The Times and the Democrats obviously want to portray the destruction of the waterboarding tapes as something that the Bush Administration initiated; but if you read the Times story, it seems more and more evident that it was individuals within the CIA itself that made the decision to destroy the tapes. The only question remaining is: why? Especially given the fact which has come out now that the Bush Administration recommended in 2003 that they not be destroyed. Captain Ed has more detail, but suffice it to say that this entire matter is beginning to emit a pungent odor of another attempted (and botched) Valerie Plame-like "gotcha" operation, whose target was the Bush Administratrion, and whose source lies squarely within the Agency itself:

The story of the CIA's tape destruction took another twist today. Earlier, Mark Mazzetti had written that the destruction of the tapes angered the CIA's legal counsel, John Rizzo. Today, Mazzetti and Scott Shane report that the CIA's attorneys gave permission to destroy the tapes of interrogations that included waterboarding:

Lawyers within the clandestine branch of the Central Intelligence Agency gave written approval in advance to the destruction in 2005 of hundreds of hours of videotapes documenting interrogations of two lieutenants from Al Qaeda, according to a former senior intelligence official with direct knowledge of the episode.
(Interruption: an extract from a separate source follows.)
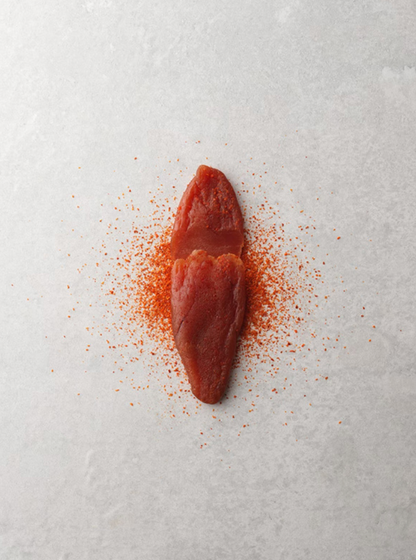 Bottarga PINTAIKO — 熟成辛子明太子キャビア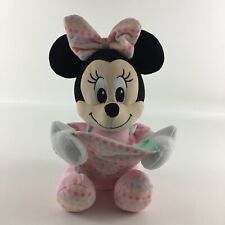 Disney Baby Peek A Boo Minnie Mouse Hide & Seek 10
The involvement of agency lawyers in the decision making would widen the scope of the inquiries into the matter that have now begun in Congress and within the Justice Department. Any written documents are certain to be a focus of government investigators as they try to reconstruct the events leading up to the tapes’ destruction.

The former intelligence official acknowledged that there had been nearly two years of debate among government agencies about what to do with the tapes, and that lawyers within the White House and the Justice Department had in 2003 advised against a plan to destroy them. But the official said that C.I.A. officials had continued to press the White House for a firm decision, and that the C.I.A. was never given a direct order not to destroy the tapes.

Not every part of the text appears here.